Calif. Agencies Spar Over Releasing Shooters' Names

July 20, 2011
A patchwork of policies now exists around the state.

After two recent fatal police shootings in San Francisco, one by city officers and the other by a BART officer on a train platform, the agencies each withheld the same piece of information - the names of the shooters.

San Francisco officials cited a department policy meant to protect officers and their careers. BART officials said they were barred by a far-reaching 2006 California Supreme Court decision that protects police disciplinary records.

Critics say the blanket confidentiality claims violate the California Public Records Act, which promotes government accountability. They may take legal action, reigniting a debate over whether police agencies must name officers in such cases and, beyond that, whether they ought to in order to build public trust.

A patchwork of policies now exists around the state. Some agencies release the names of all officers involved in shootings, many after two or three days. Others decline to do so at any time, or decide on a case-by-case basis by assessing whether an officer is in danger, or have no policy at all. Sometimes, the identities are revealed through leaks to the media.

No IDs from S.F.

On Monday, San Francisco police did not name the officers who shot Kenneth Wade Harding, 19, after he allegedly fired at them in the Bayview on Saturday.

Lt. Troy Dangerfield, a department spokesman, pointed to the atmosphere around police shootings, which are often followed by protests and sometimes have political repercussions. Officers' reputations can be tarnished, he said, even if their shootings are found to be justified.

"The department has taken a stand," Dangerfield said. "We won't release that information and we will protect the officers and allow them to continue to serve in the city."

The American Civil Liberties Union of Northern California, though, said Monday that it is considering filing suit in the wake of the Bay Area cases.

BART holds back

The organization filed a public records request with BART seeking the name of the officer who shot Charles Blair Hill, 45, on July 3 after Hill allegedly came at two officers with a knife at Civic Center Station. BART denied the request, citing the California Supreme Court decision in the so-called Copley case, which strengthened a state law sealing off misconduct inquiries from public view.

Michael Risher, an ACLU attorney, agreed that laws governing police personnel records are strong, but said they do not constrain BART from talking about what officers do while on duty. He called that "a matter of public record."

Risher noted that police officers must wear their names on their uniforms. Withholding the names after shootings, he said, denies the public the chance to "evaluate whether certain officers are engaged in the repeated, inappropriate use of force."

Peter Scheer, who leads the First Amendment Coalition in San Rafael, called the refusal to identify officers ironic, saying the practice puts police at risk by damaging public trust in them.

"People are going to be very skeptical that police are doing all they can to see if a shooting was justified when the police will not even disclose the bare minimum of information, like the name of the officer involved," Scheer said.

Law up in the air

The law on naming officers after shootings is not settled, and courts have referred to a weighing of interests between the public's right to know and the officers' right to privacy.

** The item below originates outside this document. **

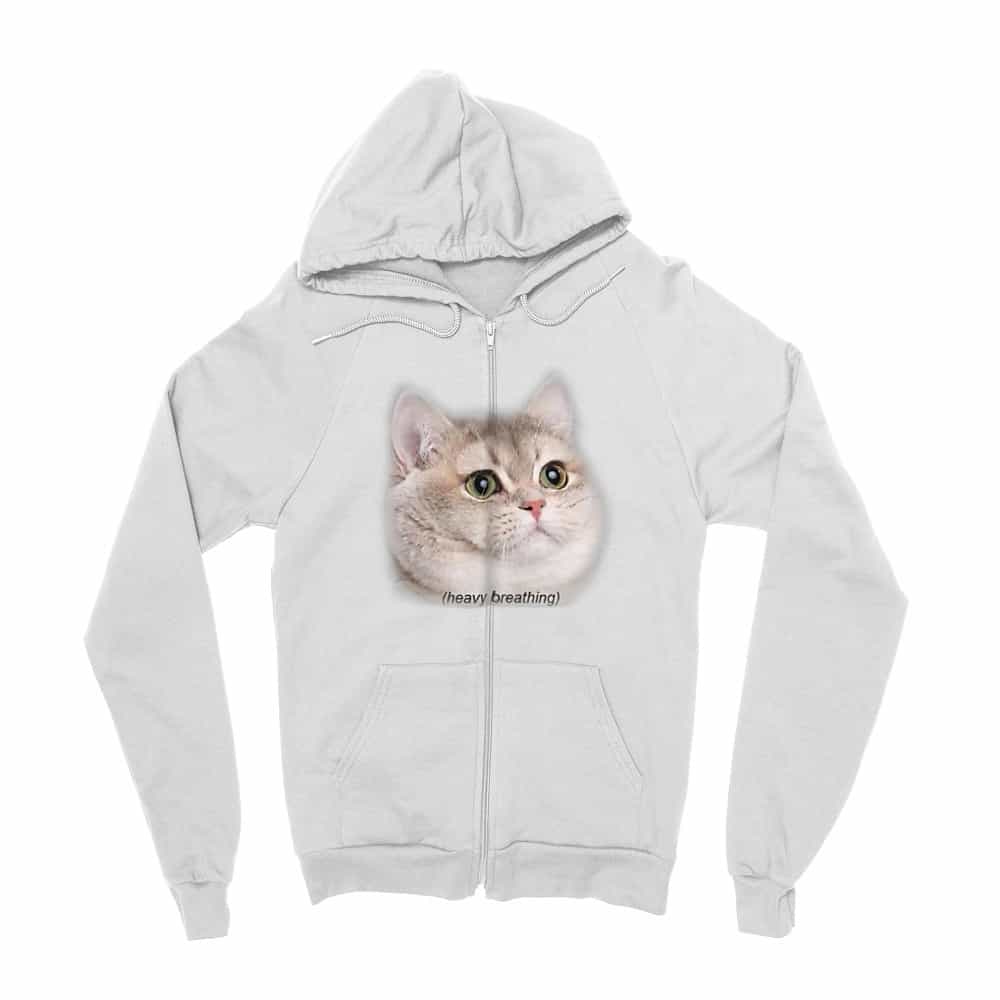 Heavy Breathing Cat Zipzáros Pulóver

In 1997, California's Second District Court of Appeal ruled that the Santa Barbara County sheriff had to give a newspaper the names of five deputies who fired shots that killed a man.

Police officers "carry upon their shoulders the cloak of authority," the court wrote. "In order to maintain trust in its police department, the public must be kept fully informed of the activities of its peace officers."

After the Copley decision in 2006, though, police departments began to argue that the ruling allowed them to withhold officers' names. Disclosing that an officer was involved in a shooting, they have said, inevitably reveals that he is the subject of an internal investigation.

In the recent San Francisco shootings, the officers are being investigated both internally and by homicide detectives, as prescribed by department protocols.

In 2008, then-Attorney General Jerry Brown weighed in after Riverside County District Attorney Rod Pacheco asked whether he had to identify officers who were in a "critical incident."

Brown's response cited the Copley decision and said it did not overrule the earlier holding by the appeals court - that a police department must name an officer as long as the action doesn't endanger an investigation or the officer's safety.

However, the attorney general envisioned cases that may demand confidentiality, such as an incident involving an undercover officer or the killing of a gang member whose associates may try to retaliate.